═════ DATASET RECORDS ═════

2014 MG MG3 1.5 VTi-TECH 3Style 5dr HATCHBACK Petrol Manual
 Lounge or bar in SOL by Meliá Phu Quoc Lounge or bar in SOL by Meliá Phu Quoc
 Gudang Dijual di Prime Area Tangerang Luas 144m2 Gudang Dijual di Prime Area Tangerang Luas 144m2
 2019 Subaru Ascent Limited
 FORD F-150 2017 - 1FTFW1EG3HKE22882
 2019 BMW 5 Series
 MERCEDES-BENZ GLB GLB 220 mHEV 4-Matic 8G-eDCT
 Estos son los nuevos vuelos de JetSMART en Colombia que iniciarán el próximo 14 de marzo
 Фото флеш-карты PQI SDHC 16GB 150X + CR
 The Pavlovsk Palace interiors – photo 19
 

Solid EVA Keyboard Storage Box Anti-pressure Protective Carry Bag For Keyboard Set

═════

The answer must be a verbatim transcription of the entries above, from the first line through the line that contains "2019 BMW 5 Series", and nothing more.

## ANSWER SECTION
2014 MG MG3 1.5 VTi-TECH 3Style 5dr HATCHBACK Petrol Manual
 Lounge or bar in SOL by Meliá Phu Quoc Lounge or bar in SOL by Meliá Phu Quoc
 Gudang Dijual di Prime Area Tangerang Luas 144m2 Gudang Dijual di Prime Area Tangerang Luas 144m2
 2019 Subaru Ascent Limited
 FORD F-150 2017 - 1FTFW1EG3HKE22882
 2019 BMW 5 Series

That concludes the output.